Hidden in the forest off one trail is a quadrangle of water surrounding a small island. I never noticed it on my runs; I spotted it only later on my phone’s exercise-tracking app. On the map, the water looks like a blue capital letter C, too perfectly geometric to be a natural lake. Sure enough, through some internet sleuthing I discovered it’s called “Camlet Moat”.
No one is sure of its origins. Most likely it’s the site of a Norman manor house – archeologists once dug up a fragment of an ancient drawbridge there. But other theories abound: maybe it was a prison for people who broke the hunting laws, or a medieval drainage system. Or – most fanciful – some believe it’s the former precincts of Camelot, the legendary castle of Arthur and the Knights of the Round Table.

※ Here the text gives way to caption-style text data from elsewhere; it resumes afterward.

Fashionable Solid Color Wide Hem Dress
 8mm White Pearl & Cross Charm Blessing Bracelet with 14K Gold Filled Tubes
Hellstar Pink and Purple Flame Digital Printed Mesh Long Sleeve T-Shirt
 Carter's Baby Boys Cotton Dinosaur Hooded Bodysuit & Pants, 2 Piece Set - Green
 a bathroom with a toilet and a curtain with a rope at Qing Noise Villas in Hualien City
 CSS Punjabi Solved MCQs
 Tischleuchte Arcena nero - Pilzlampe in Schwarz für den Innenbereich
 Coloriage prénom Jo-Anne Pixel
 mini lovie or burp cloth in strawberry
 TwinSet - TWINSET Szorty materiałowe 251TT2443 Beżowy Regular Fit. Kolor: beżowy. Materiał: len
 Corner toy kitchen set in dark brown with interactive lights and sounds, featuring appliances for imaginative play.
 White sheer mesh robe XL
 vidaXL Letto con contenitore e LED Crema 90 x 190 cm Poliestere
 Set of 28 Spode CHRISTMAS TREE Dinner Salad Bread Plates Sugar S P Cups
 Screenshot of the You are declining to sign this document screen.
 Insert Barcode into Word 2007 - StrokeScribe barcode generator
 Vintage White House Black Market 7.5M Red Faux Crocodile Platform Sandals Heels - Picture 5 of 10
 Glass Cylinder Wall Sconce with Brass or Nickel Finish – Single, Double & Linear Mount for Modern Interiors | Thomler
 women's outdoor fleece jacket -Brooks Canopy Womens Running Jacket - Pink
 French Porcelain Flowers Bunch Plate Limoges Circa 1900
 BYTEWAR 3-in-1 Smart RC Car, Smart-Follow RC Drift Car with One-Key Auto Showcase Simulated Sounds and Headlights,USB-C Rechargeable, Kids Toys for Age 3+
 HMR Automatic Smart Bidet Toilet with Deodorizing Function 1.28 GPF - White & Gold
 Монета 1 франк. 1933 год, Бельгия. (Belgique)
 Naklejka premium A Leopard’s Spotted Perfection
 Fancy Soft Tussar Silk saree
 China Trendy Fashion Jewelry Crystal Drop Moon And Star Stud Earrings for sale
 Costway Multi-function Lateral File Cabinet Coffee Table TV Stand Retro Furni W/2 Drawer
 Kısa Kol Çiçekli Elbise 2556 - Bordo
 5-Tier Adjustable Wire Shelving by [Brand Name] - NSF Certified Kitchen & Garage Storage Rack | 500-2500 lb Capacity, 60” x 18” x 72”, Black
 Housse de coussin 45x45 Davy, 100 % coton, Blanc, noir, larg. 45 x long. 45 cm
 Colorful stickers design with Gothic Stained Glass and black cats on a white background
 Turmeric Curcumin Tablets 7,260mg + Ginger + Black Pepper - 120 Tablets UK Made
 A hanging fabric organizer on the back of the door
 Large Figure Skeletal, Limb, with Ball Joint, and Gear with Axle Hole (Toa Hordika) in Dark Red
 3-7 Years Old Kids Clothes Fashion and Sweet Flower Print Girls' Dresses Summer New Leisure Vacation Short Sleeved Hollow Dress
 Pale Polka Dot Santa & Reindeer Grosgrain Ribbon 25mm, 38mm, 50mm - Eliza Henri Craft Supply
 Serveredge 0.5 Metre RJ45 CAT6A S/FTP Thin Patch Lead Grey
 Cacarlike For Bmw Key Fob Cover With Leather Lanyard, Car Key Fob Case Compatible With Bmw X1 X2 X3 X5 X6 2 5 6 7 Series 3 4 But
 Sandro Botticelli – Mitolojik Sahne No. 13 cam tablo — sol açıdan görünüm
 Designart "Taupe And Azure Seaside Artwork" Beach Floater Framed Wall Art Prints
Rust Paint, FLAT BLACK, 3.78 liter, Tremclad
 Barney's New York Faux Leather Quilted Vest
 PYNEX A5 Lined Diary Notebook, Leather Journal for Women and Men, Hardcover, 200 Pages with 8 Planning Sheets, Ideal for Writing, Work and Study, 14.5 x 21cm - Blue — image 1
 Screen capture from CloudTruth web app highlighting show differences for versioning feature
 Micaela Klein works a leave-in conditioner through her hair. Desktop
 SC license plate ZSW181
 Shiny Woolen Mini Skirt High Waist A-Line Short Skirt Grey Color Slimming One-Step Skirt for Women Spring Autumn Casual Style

Which may be the reason, when I run around the moat these days, I occasionally see burned-out votive candles and rocks arranged in patterns – the leftovers, perhaps, from some recent attempted ceremonial magic.
But whatever was there in centuries past, all that’s left now is the water. No foundation stones, only frogs. No holy grails, only herons. And the quiet, still water that remains.
The other day on a run I stopped at the moat and felt the reality that, like the hunters and runners and royals of the past, there’ll come a time when I too will no longer be here. All my stuff, the stories I tell, the material trappings I tread in, it’ll go the way of all history: into the ground.
But at the moat I also heard a voice within, a verse from the 23rd Psalm: “God leads me beside the still waters…and I will dwell in the house of the Lord forever.”
As a Christian, I believe those things are somehow true at the same time. Our mortality is real –we trend towards the grave – but it yields to something else, something everlasting. Dig deep enough and you’ll discover the divine water table, whom I call God, flowing through everything, changing us and all flesh into the only thing that lasts.